My Recommendations: Should you shoot 1080p Prores/DNxHD over XAVC S?

Here are my recommendations on the 1080p Prores vs XAVC S problem. Remember, this only applies to 1080p and not UHD or 4K!

Follow this simple flowchart:

1. Are you shooting chroma keys? Or is there compositing work involved?

If yes, shoot Prores HQ/DNxHD 220x.

If no, go to step 2.

2. When grading, will I be using more than one power window or mask per shot?

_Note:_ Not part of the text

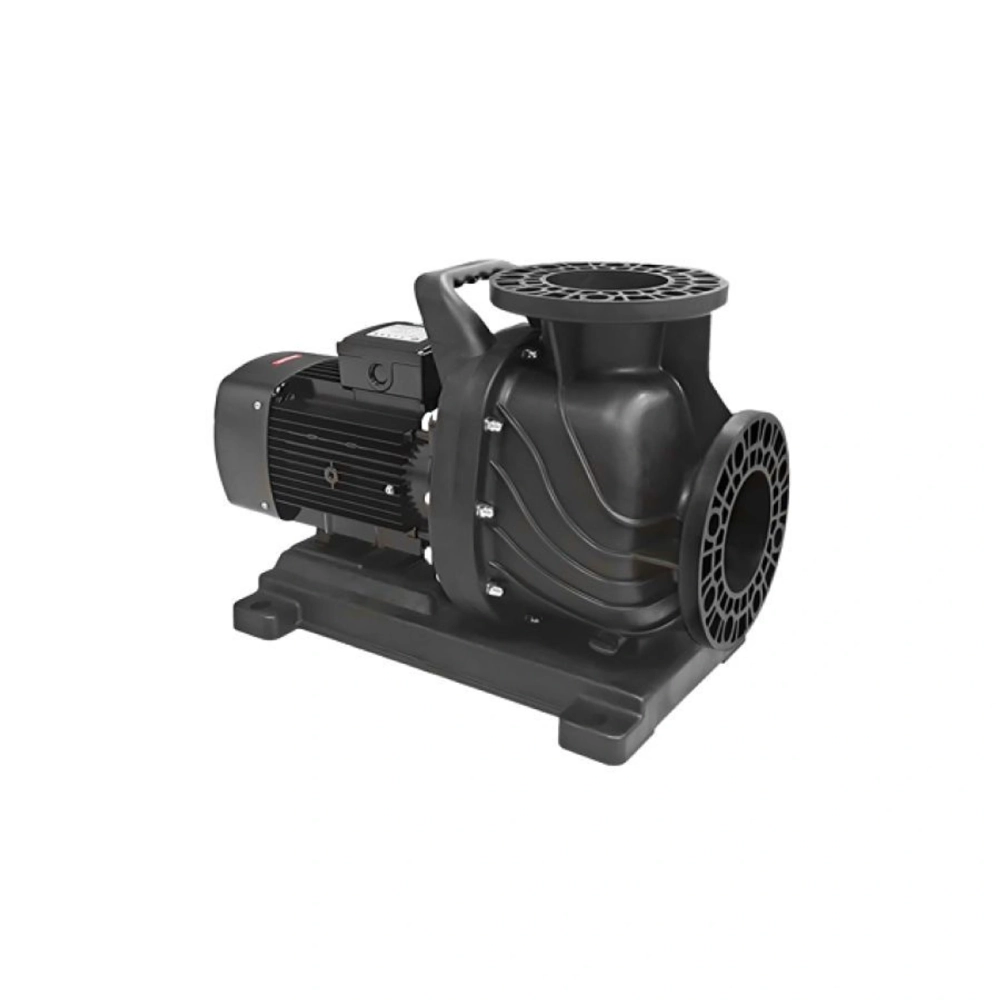 Насос AquaViva LX WLP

Or Will I need multiple renders of a shot?

If yes, shoot Prores HQ/DNxHD 220x.

If no, go to step 3.

3. Are you shooting for strict broadcast delivery (10-bit 4:2:2)?

If yes, go to step 5.

If no, go to step 4.

4. Will my work be sent to a post house or studio who will convert to Prores anyway?

If yes, go to step 5.

If no, shoot XAVC S.

5. Will there be any grading at all?

If yes, shoot Prores 422/DNxHD 145.

If no, shoot Prores LT/DNxHD 145.

6. Are you a Windows user?

If yes, stick to XAVC S.

If no, and you are a Mac user, stick to XAVC S.

Here are some FAQs:

Should you shoot Prores or DNxHD at all in 1080p?

Yes, under certain conditions.

When should you shoot Prores or DNxHD?

You should shoot Prores HQ in 1080p for the following jobs:

  • Chroma keying work
  • Heavy grading work with multiple recompressions and rendering jobs
  • Strict broadcast delivery (4:2:2 footage, sometimes 10-bit)

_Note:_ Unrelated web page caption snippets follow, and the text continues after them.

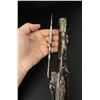 Image 25 : Joseph Dumarest Silver Mounted Dueling Pistols
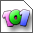 101-in-1 Games HD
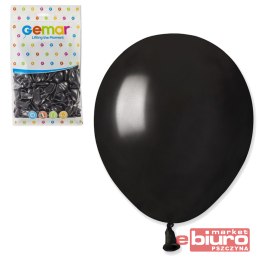 BALONY AM50 METAL 5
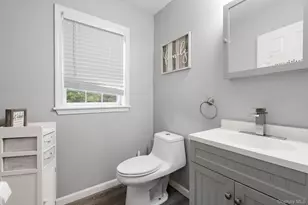 181 Penaluna Rd, Monroe, NY 10950 - Photo 17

Should you use Prores LT or 422, or DNxHD 145?

For 1080p work, I recommend XAVC S over either Prores 422 or LT, or DNxHD 145. For the times you need Prores, you need HQ and the data cushion it provides (For DNxHD, it’s 220x).

Therefore, forget 422 and LT for 1080p work, unless you’re in a special case (see below).

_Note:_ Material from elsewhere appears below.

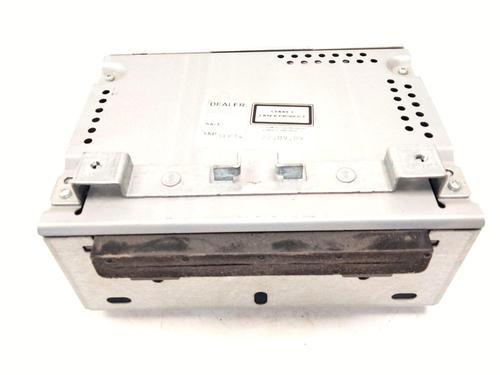 electronic-module-ford-fiesta-vi-cb1-ccn-2008-29455692 main image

When should you NOT shoot Prores?

If you’re a Windows user, avoid Prores.

I’m grading my movie or project in Resolve or Speedgrade. Should I choose XAVC S or Prores HQ or DNxHD 220x?

Choose XAVC S for all normal to medium grading work, which is 99% of projects, even cinema-quality ones.

How do you know when to use Prores HQ or DNxHD 220x? Here are some questions to ask yourself:

  • Will I use more than one power window or mask?
  • Is there any compositing work involved?
  • Will my work be sent to a post house or studio who will convert to Prores anyway?
  • Is my work intended to be delivered to broadcast (10-bit, 4:2:2)?

If the answer to any of the above is yes, then shoot Prores/DNxHD. If yes only to the third and/or fourth one, you can shoot Prores 422 or LT, or DNxHD 145.